# Feedback on prices for backups/snapshots



## Francisco (Sep 1, 2013)

Hello everyone,

We're currently working on adding snapshots & automated backup options to stallion.

For backups we're looking to offering keep 2 weeks of rotating snapshots as backups for each user that buys on.

Users will also be able to take snapshots at any point and reinstall their VM's from either (be it KVM or OpenVZ).

For now we won't offer backups on storage plans as we'd have to charge too much to make that viable.

For all the other plans we're wanting some feedback from everyone so we can move forward. We felt doing a "% of plan cost"

way as the best route for it. The cost isn't that high this way yet we will break even over time.

Please select what you think is a reasonable price for such an option.

Francisco


----------



## Francisco (Sep 1, 2013)

That opening line is so bad.

I need to stop changing my mind on sentence construction mid way.

Francisco


----------



## wlanboy (Sep 1, 2013)

15% is fine.

So for a 5$ per month service I have to pay 5.75$ per month to have this service with snapshots.

A good feature for everyone wanting to test something like upgrades.


----------



## drmike (Sep 1, 2013)

I went with 20%.

I am all for actually useful ala carte pricing for addons/features.  Other useful features like the DDoS filtering are over half of the the $5.95 monthly on the medium sized 512MB plan.  That uptick I still think is downright cheap regardless of comparison to the base price.
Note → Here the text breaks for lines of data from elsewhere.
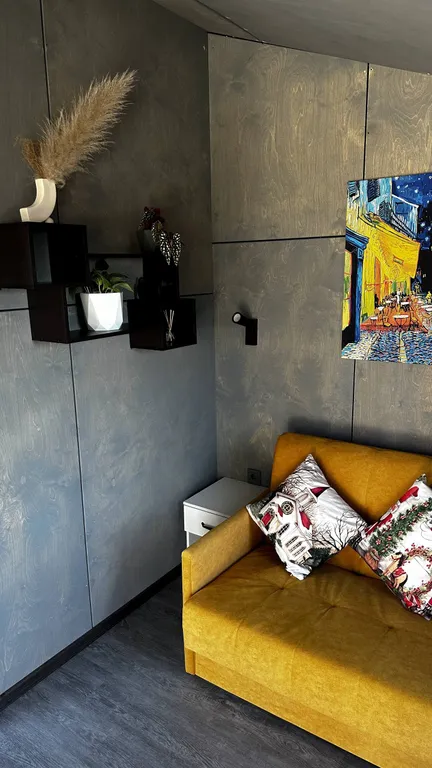 Коттедж Дом Barn House Loft с террасой и баней — Верховское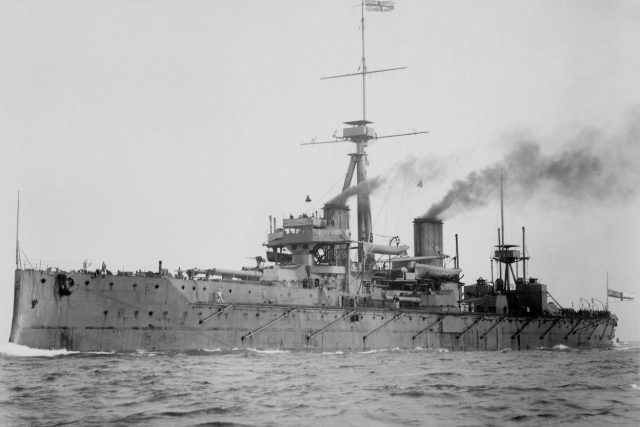 Britská bitevní loď HMS Dreadnought 1906 | foto:  Naval History and Heritage Command,  CC0 1.0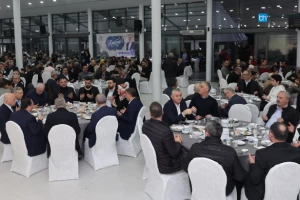 Derneklerimizle iftar sofralarında bir araya geliyoruz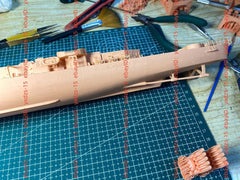 1/200 Uss Gearing Class Destroyer(full Hull/waterline) 3d Printed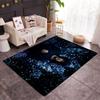 Man Black White Carpet Design for Dining Room Playrooms Decorate room Study room Anti-slip Rug Office home decor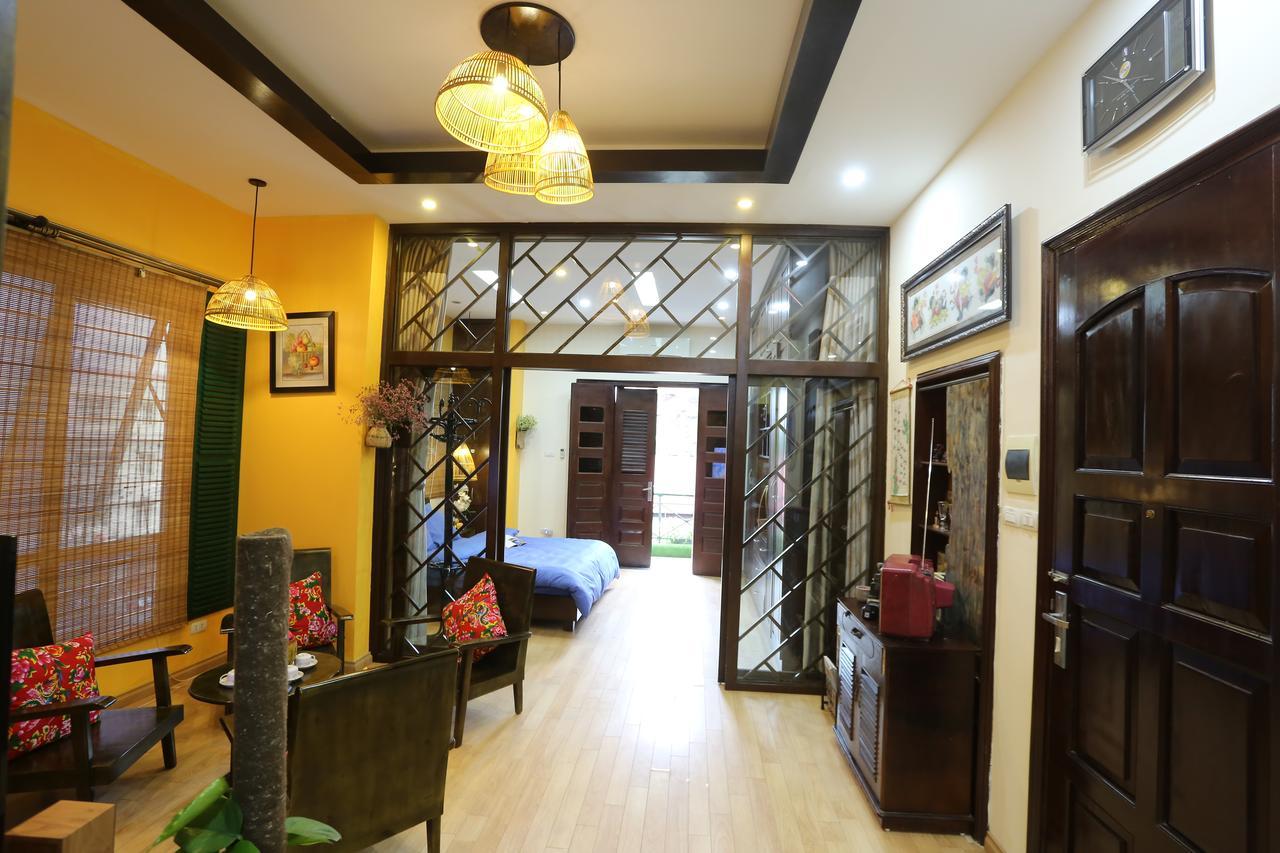 Tuti Lakeside Homestay Hanoi Zewnętrze zdjęcie
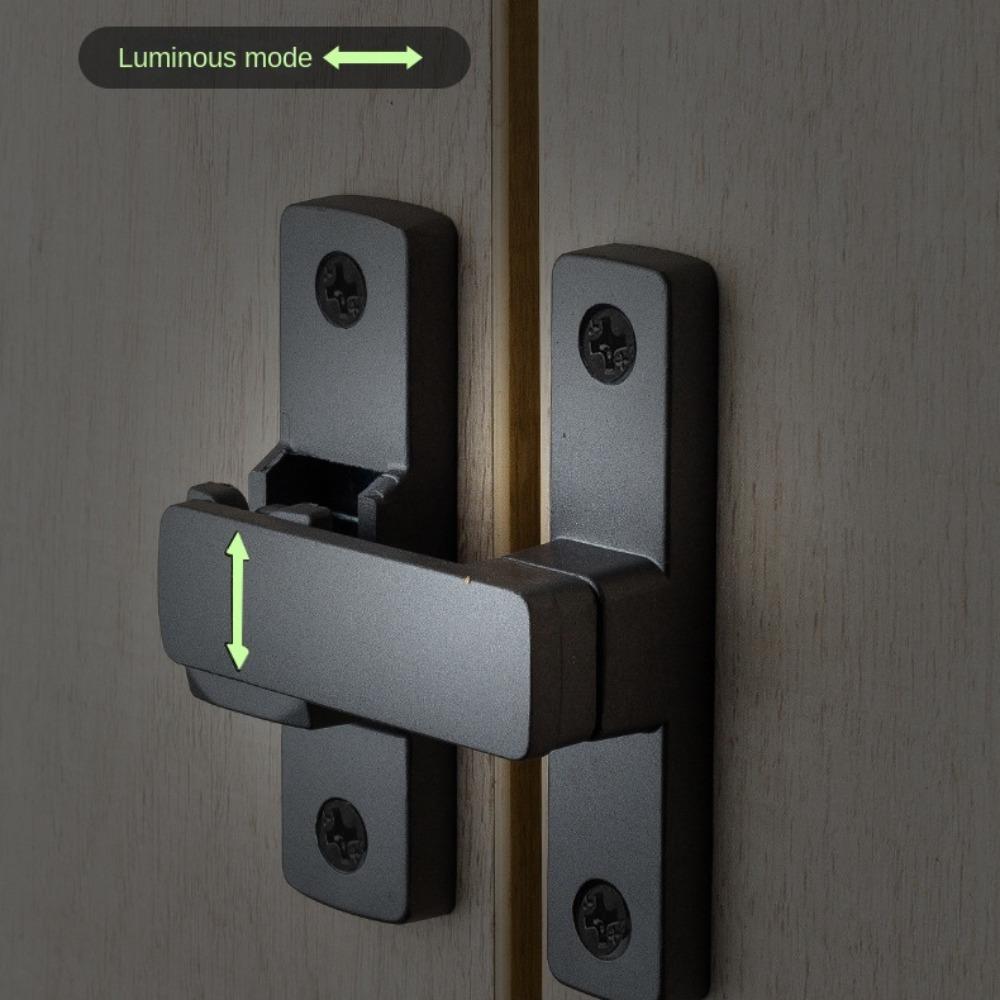 Hardware Door Latch Furniture Positioning Latch New Sliding Door Lock  Door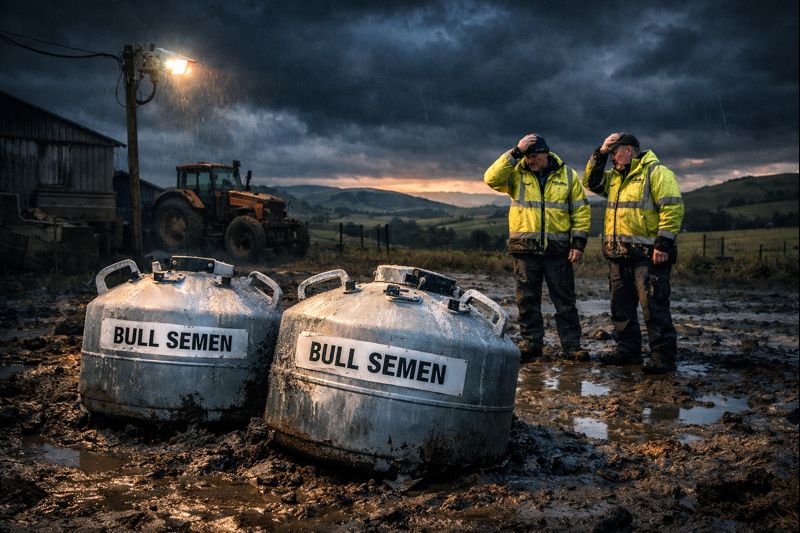 Tanks containing ‘large quantity of cattle semen’ stolen in burglary post thumbnail image
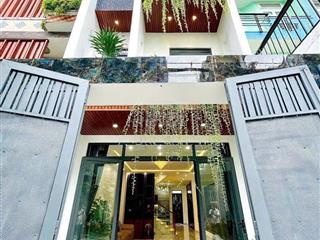 Bán nhà 52m2 đường lê lai, p3, gò vấp, gần đh công nghiệp tphcm, xây 4 tầng. gía 2 tỷ150tr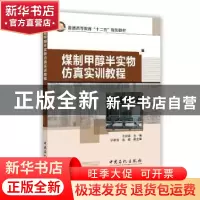 正版 煤制甲醇半实物仿真实训教程 王训遒主编 中国石化出版社 97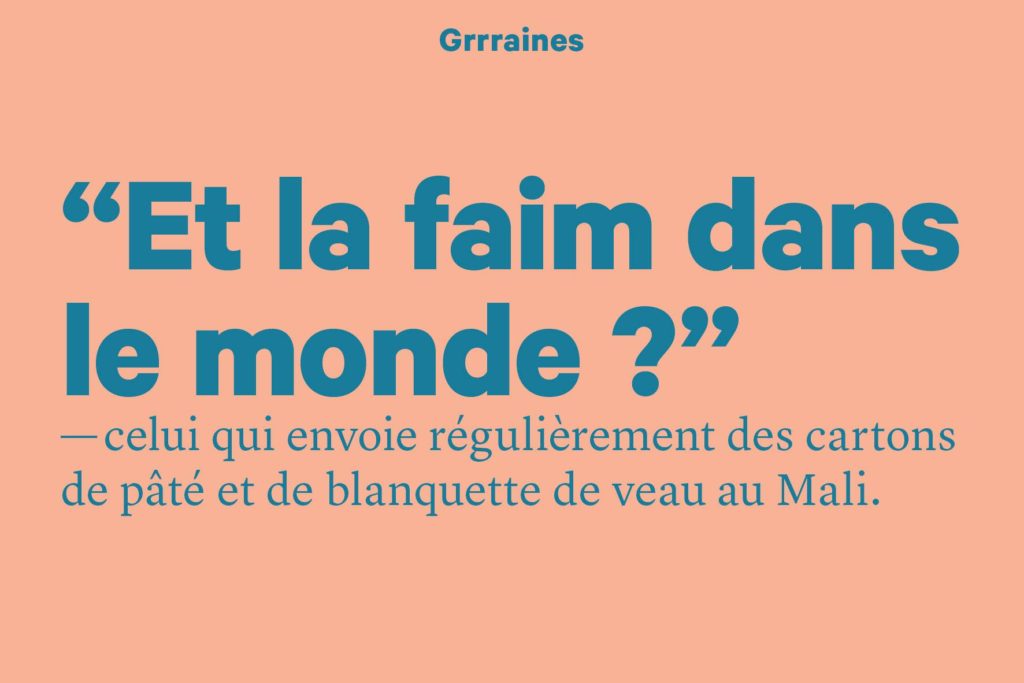 Grrraines tord le cou aux idées reçu sur les Vegans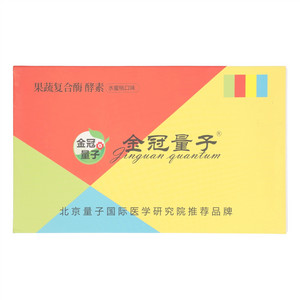 金冠量子水蜜桃口味果蔬复合酶酵素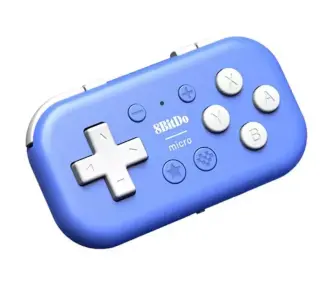 Pad 8BitDo Micro Bluetooth do Nintendo Switch Android Niebieski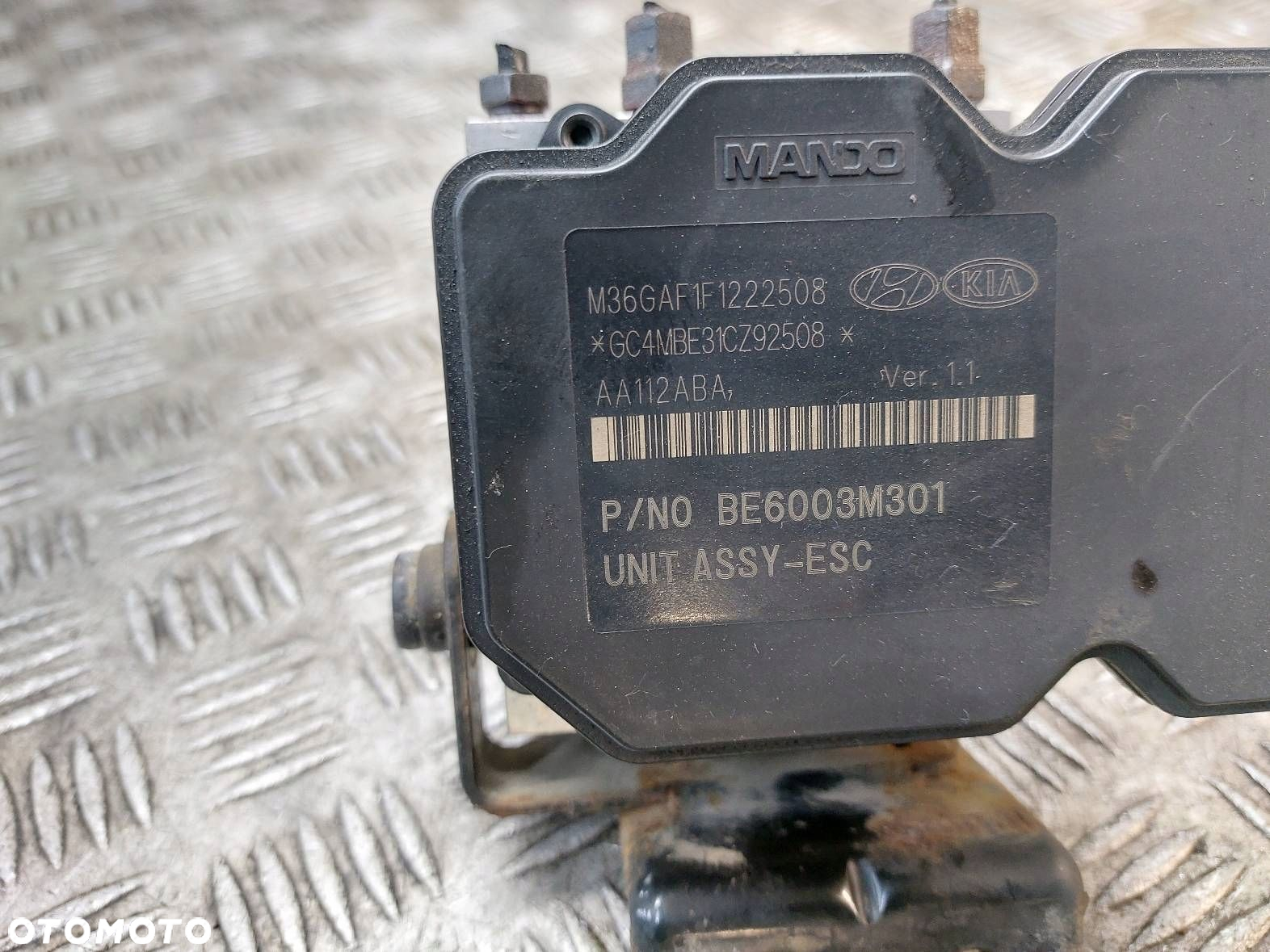 POMPA STEROWNIK ABS HYUNDAI SANTA FE III 58920-4Z000 - 4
My installations aren't really complicated these days and for the most part, I have them documented for reinstallations.  Down to < 1 hours from based OS install to fully rebuilt (goal is to get things automated and down to say 20 minutes).

20%+ surcharge with buy-in option for those that need/want the backups, that's the good win for everyone.


----------



## thecgmguy (Sep 1, 2013)

You mentioned automated... any details on that?  If it's fully automated and I have the option of scheduling when the backups take place, I think 20% is totally reasonable.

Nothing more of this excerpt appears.